Both Wilson and Luxford defy the expectations many people have that triathlon professionals are either in the sport, or out of it. “Triathlon is so competitive they [athletes] think they have to dedicate 100% of their time to it. But I’ve done some of my best work balancing my studies with triathlon. I’ve got my best results doing that,” Wilson noted.
For Wilson it’s about the ability to escape the thought processes around triathlon, especially when times are tough. “When things aren’t going great in triathlon you can lose yourself in that other world,” said Wilson. “It gives you something else going on and a back up plan.”
Triathlon & life balance: Why do they do it?
It’s exhausting just listening to Luxford and Wilson’s schedules, so it begs the question why do they do it? “Sport is certainly a profession, but it’s very different,” Luxford said. “It’s my choice to have a career after sport.”
Wilson agrees; he’s keen to maintain his focus on his triathlon career, while also being mindful of the future. “I figure it’s good to have something to fall back on. Triathlon is hard, and even if you do make it, it doesn’t mean you’re set for life, it just means you’re getting by,” he said. “It’s good to have that other option and aspect of you’re life you’re passionate about.”
Both Luxford and Wilson are mindful that sport doesn’t alway finish on an athlete’s own terms. “If you’ve got your whole life invested in triathlon and things don’t go your way, you can get pretty down on yourself because there might not be something else to turn to,” said Wilson. “The study gives me something else going on. And a back up plan.”
Luxford agrees peace of mind is a huge bonus of managing two lives, saying “luckily for me, NAB have been really flexible, and the job gives me piece of mind. I always worried what I was going to do.”
Every athlete dreads retirement
Retirement from sport haunts even the most seasoned pros, as not only does it mean a change in routine but it also usually means a life in one location. “When sport is finished and the rest of us are doing other jobs, some athletes retire into regular life and they struggle being in one place,” said Luxford. “I’ve planted my feet in one spot for a while, and that’s been important with relationships with friends and family. I don’t want the nomadic style of life anymore.”
Wilson looks at retirement as a time when most athletes need to start from scratch. “If you wait for that day to come, you’ll have to start at zero,” he said. “You can chip away slowly now though, so when the day to hang up the triathlon shoes comes, you’re not starting from scratch.”
Other athletes look to careers in triathlon in retirement
Tim Reed, another Aussie pro, has also considered his life after triathlon, but he’s certain a regular routine is not for him. “I’ve got some ideas. I’ll need to have something I’m quite passionate about to be happy; something I can work quite hard on,” Reed told Trizone.
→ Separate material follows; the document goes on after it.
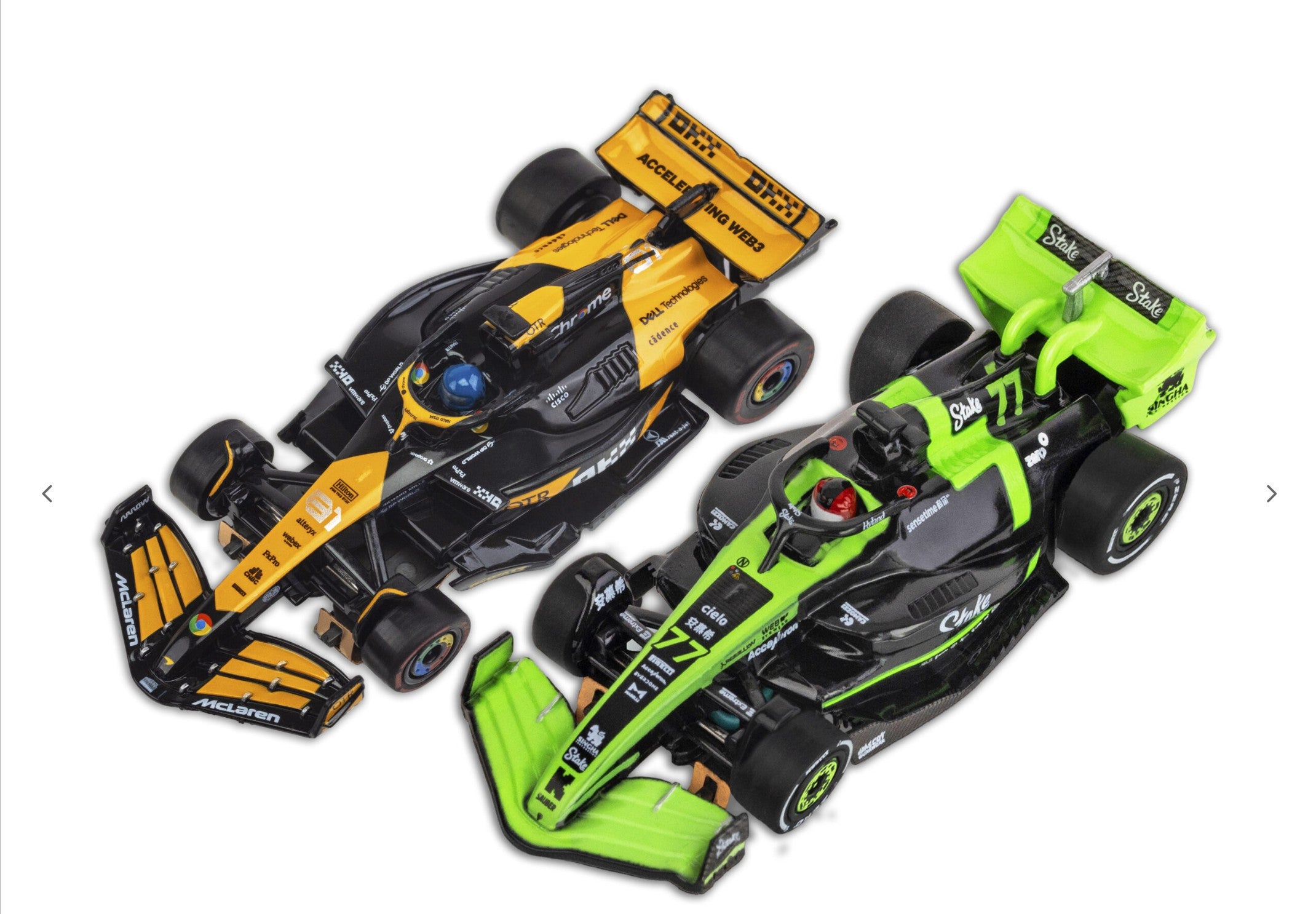 2024 McLaren MCL38 and Sauber C44 HO scale slot cars on the Mega G+ chassis for AFX racing.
Reed, like many other pros, is well aware it’s the crucial first few years that athletes struggle to find a new routine after retirement. “I can go back to teaching, and I’m really interested in coaching,” he said. “Plenty of athletes go into coaching because they feel there are no other options, but I’m really interested in it. I still coach now because I genuinely love it. I love the strategy of figuring out what an athlete needs to do to do better in a game or a race, and work towards that.”
Whether they’re working, studying or even creating a general plan for what their life after triathlon might look like, all professional triathletes will have to retire one day. Dan Wilson and Annabel Luxford are two exceptions who have maintained another life to ensure they keep their options very much open. Incredibly, through juggling both worlds, they’ve both become two of Australia’s best triathletes and are among the world’s best too.
Perhaps challenging the brain in a different way and maintaining a passion and a different life outside of triathlon is they key to race success?